Alors, si cette chronique vous a donné envie de vivre ce type d’expérience, de sortir de votre fameuse zone de confort ou d’en apprendre plus sur vous-même en allant vous coltiner à la magie de l’espace devenu furieusement facétieux, bravant les lois élémentaires de la gravité terrestre, n’hésitez pas à contacter l’association Horizon Voltige ou à offrir ce genre d’aventure au gens que vous aimez !
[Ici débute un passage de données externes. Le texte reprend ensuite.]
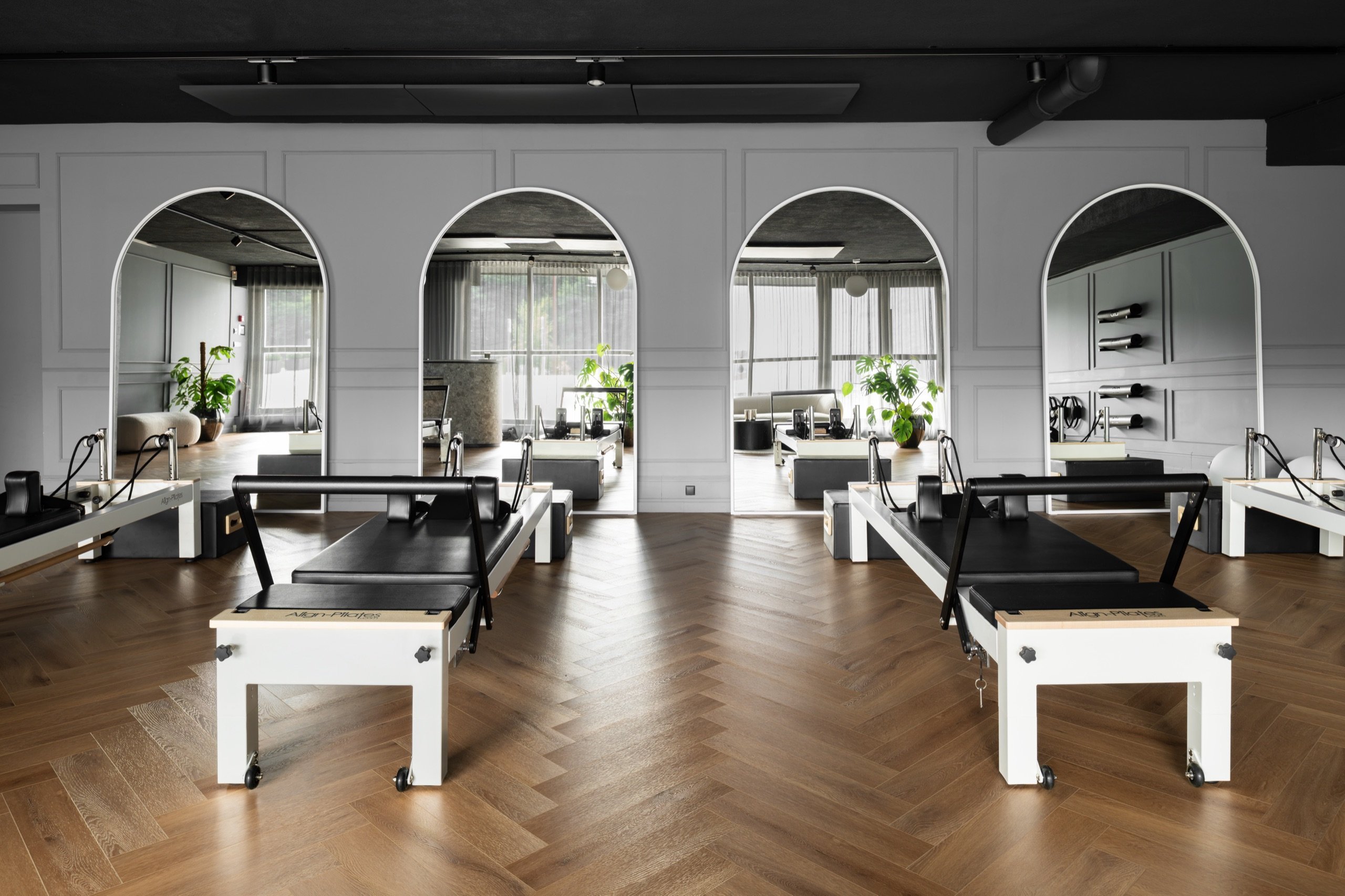 PILATES STUDIO PURE — fotografija 9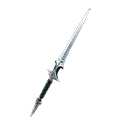 Huntress' Duskblade — Fortnite pickaxe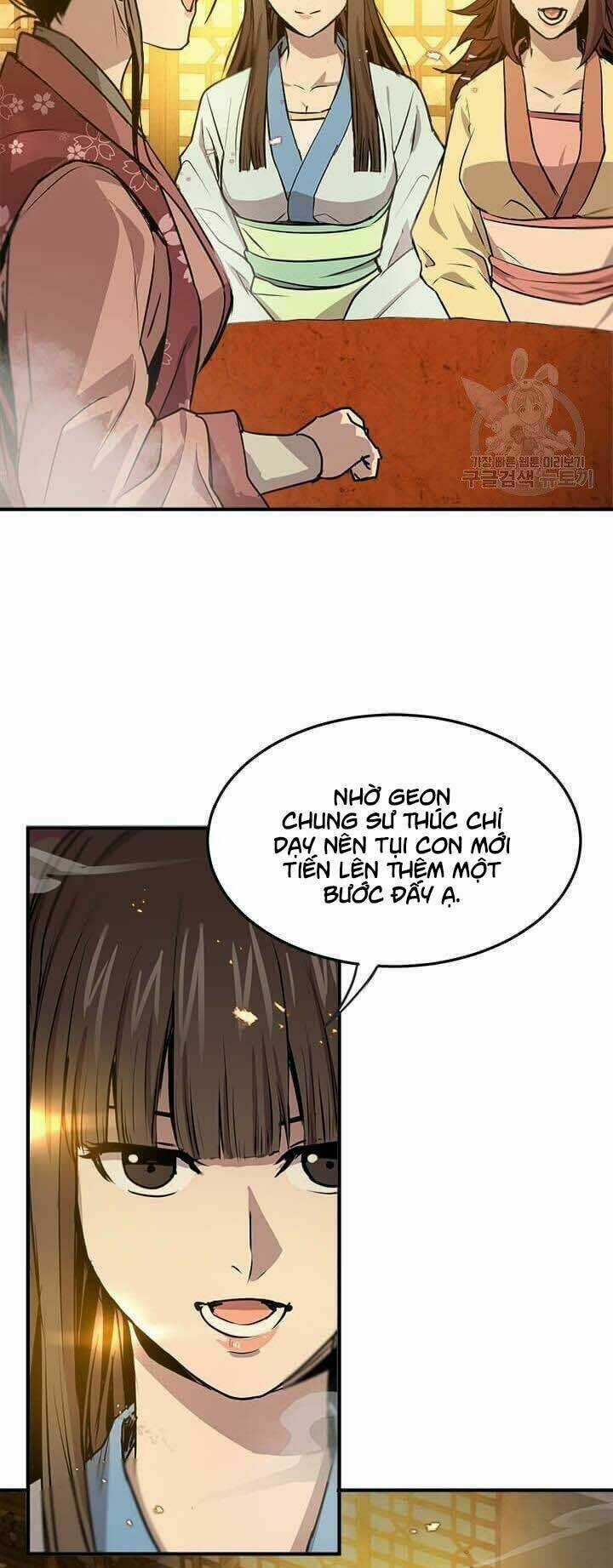 Đạo Sĩ Giang Hồ - Chapter 33 - Trang 44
N’ayant pas le droit d’embarquer le moindre objet, ne serait-ce qu’une simple pièce de monnaie, pour qu’aucun corps étranger ne puisse se balader dans l’habitacle au moment des loopings et autres pirouettes aériennes, je n’ai pu filmer quoi que ce soit (d’ailleurs ce type d’expérience efface toute envie de selfie ou de narcissisme, l’ego reste sagement au sol !). Vous trouverez donc une petite vidéo issue de Youtube, filmant l’un des pilotes de cet aéroclub. Cela donnera une petite idée des effets physiques que l’on peut ressentir. Regardez bien les expressions faciales du pilote, cela vaut tous les mots.
Vingt-quatre heures plus tard, avec le corps endolori tant la crispation fut forte, comme si j’avais été bastonné durant trente minutes, je peux déclarer en toute lucidité que j’ai adoré cette matinée passée chez Horizon Voltige !
Merci Philippe pour cet inestimable cadeau sur les rebords de moi-même 😉
Le site de l’association : https://horizonvoltige.fr
Le film : https://www.youtube.com/watch?v=la5LyDthC44








Hello Frédéric,
Nous nous sommes croisés à Persan ce jour précis de ton intronisation acrobatique. Sur le coup, il était évident que cette expérience allait te laisser des traces. Pour autant, à la lecture de ces quelques paragraphes, pas au point de penser qu’elle t’emmènerait si loin au cœur de tout un tas d’émotions.
Nous autres, Philippe, Didier, Antoine, moi et quelques autres qui sommes à l’origine de la création de ce club il y a 12 ans sommes convaincus, s’il en était encore besoin, que nous avons réussis dans notre tâche de créer une association où la transmission de la passion est le fil rouge de nos investissements personnels. Toi, comme d’autres précédemment intronisés , par vos émotions décrites dans vos récits verbaux ou écrits, êtes
les messagers d’une expérience unique. Et c’est aussi cela qui nourrit notre motivation.